Zhang et al.²⁴ have developed a deep neural network named Global Context UNet (GC-UNet) for nuclear segmentation in cytology slides. The model’s high real-world accuracy (99.5%) makes it a powerful tool for diagnostic automation. Bao et al.²⁵ have trained a supervised deep learning algorithm on 188,542 digital cytological images. Their model has demonstrated equivalent sensitivity to skilled cytologists but higher specificity, particularly in interpreting slides from HPV-positive women (relative specificity: 1.26; 95% CI: 1.20–1.32). Many additional technologies are in the development pipeline²⁶.

AI is being used to interpret cervical images (collected by either a colposcope or other devices, such as mobile phones) to identify the type of transformation zone and detect any precancer or cancer. The use of the Colposcopic Artificial Intelligence Auxiliary Diagnostic System (CAIADS) to detect abnormalities on the basis of digital colposcopy images has been evaluated in a colposcopy clinic of Xinjiang Medical University in Xinjiang, China²⁷. The sensitivity of the model in detecting CIN 2+ lesions (80%) was comparable to that achieved through expert interpretation. Moreover, the algorithm was found to be particularly useful in training junior colposcopists, thus helping meet a major requirement for increasing capacity.

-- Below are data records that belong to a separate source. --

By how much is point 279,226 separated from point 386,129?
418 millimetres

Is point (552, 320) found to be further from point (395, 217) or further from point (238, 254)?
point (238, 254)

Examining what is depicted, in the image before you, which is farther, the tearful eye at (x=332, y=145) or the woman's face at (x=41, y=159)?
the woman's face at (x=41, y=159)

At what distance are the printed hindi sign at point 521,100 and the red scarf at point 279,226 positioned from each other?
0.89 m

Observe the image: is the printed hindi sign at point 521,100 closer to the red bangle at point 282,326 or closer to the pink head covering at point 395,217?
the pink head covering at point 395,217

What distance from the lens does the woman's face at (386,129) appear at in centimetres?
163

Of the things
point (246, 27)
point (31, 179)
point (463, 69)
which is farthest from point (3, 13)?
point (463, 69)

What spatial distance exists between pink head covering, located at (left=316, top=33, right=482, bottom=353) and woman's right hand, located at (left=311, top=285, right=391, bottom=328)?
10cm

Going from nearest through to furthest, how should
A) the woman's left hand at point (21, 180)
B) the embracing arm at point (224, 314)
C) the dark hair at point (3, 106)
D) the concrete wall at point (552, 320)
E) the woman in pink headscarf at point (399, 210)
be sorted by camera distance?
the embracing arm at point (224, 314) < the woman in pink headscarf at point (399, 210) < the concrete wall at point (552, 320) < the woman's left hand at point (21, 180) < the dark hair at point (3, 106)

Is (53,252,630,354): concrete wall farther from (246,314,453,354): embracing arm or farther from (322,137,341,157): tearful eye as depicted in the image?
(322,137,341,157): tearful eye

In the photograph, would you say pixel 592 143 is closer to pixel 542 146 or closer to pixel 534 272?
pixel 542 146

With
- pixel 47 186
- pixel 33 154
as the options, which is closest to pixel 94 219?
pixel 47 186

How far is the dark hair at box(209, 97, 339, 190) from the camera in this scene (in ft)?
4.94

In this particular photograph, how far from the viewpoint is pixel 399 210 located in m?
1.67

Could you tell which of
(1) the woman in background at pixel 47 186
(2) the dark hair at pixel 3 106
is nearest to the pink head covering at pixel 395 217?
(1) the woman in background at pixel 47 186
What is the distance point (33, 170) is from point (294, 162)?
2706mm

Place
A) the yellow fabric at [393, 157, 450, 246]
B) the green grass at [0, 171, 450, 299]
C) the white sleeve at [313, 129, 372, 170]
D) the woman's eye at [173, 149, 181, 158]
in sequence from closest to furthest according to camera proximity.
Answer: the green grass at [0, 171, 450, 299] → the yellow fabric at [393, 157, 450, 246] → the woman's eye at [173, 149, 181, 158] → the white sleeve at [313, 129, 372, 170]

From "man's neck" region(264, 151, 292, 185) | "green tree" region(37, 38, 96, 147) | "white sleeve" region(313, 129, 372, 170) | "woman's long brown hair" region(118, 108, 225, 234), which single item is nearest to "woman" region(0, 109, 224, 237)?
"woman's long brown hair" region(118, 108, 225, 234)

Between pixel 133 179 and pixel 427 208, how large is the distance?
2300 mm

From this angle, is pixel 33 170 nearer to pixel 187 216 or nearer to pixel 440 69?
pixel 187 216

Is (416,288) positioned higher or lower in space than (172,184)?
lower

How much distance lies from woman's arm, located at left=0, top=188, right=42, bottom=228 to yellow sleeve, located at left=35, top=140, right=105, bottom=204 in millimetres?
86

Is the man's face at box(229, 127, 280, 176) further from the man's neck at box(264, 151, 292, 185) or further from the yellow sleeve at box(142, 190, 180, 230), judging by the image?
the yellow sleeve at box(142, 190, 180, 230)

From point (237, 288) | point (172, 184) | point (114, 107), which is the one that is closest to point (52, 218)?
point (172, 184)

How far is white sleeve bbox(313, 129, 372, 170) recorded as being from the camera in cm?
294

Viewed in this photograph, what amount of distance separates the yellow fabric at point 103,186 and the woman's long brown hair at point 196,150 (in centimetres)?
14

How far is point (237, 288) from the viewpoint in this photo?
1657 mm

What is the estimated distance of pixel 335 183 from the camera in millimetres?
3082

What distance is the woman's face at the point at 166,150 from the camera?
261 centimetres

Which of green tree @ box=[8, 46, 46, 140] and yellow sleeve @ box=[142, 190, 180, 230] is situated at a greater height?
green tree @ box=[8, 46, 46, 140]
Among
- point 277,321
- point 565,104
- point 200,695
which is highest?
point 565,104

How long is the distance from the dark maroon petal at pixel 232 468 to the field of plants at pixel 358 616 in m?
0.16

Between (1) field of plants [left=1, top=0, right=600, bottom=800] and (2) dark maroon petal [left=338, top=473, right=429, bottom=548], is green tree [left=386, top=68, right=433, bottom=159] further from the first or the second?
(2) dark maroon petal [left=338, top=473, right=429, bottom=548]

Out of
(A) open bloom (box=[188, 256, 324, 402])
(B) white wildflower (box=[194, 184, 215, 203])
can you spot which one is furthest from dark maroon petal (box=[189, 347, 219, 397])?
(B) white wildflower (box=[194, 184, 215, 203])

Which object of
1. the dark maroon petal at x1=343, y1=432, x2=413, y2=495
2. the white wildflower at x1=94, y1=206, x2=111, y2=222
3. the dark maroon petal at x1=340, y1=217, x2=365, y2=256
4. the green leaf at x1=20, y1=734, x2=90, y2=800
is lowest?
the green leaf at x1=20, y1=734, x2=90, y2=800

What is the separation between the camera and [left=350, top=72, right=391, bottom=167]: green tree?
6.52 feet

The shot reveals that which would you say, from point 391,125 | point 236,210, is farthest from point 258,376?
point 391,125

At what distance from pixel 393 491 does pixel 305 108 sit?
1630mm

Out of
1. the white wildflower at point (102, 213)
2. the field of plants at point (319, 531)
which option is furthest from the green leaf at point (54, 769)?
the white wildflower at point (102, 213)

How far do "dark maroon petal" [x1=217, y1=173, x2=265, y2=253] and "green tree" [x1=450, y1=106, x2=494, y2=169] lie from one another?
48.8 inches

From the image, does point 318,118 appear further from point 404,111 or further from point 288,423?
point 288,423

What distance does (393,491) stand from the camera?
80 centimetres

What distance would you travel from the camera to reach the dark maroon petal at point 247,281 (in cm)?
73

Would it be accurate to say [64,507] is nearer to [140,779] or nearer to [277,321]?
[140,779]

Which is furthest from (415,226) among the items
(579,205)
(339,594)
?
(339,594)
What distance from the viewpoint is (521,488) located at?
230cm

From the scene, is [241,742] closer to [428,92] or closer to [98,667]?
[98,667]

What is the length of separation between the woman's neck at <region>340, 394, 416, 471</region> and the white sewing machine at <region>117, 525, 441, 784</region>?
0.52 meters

AI-based solutions offer a scalable, cost-effective, and accurate method for cervical cancer screening and management. Advancements from China are paving the way to the incorporation of AI-assisted screening algorithms into routine clinical practice, particularly in high-volume or resource-constrained settings.

Conclusions

The substantial contributions of Chinese scientists are playing a critical role in accelerating progress toward cervical cancer elimination within the country. A major milestone was the launch of free HPV vaccination for schoolgirls 9–14 years of age in Inner Mongolia in August 2020, and plans are in place for gradual expansion across other provinces. In 2022, HPV testing was officially integrated into China’s National Cervical and Breast Cancer Screening Program, and was accompanied by a policy decision to include screening costs under health insurance coverage²⁸.

Despite these advancements, the task of scaling up HPV screening remains formidable, given that more than 500 million women are eligible countrywide. Achieving effective scale-up will require pragmatic policies and strategic planning, with a focus on prioritizing screening among women 30–49 years of age, in line with WHO recommendations. Ensuring programmatic efficiency, including the establishment of robust quality assurance mechanisms and regular monitoring, will be essential to translate decades of scientific progress into meaningful public health impact.

Disclaimer

The author identified as personnel of the International Agency for Research on Cancer/WHO is solely responsible for the views expressed herein. The views do not necessarily represent the decisions, policies or views of the International Agency for Research on Cancer/WHO.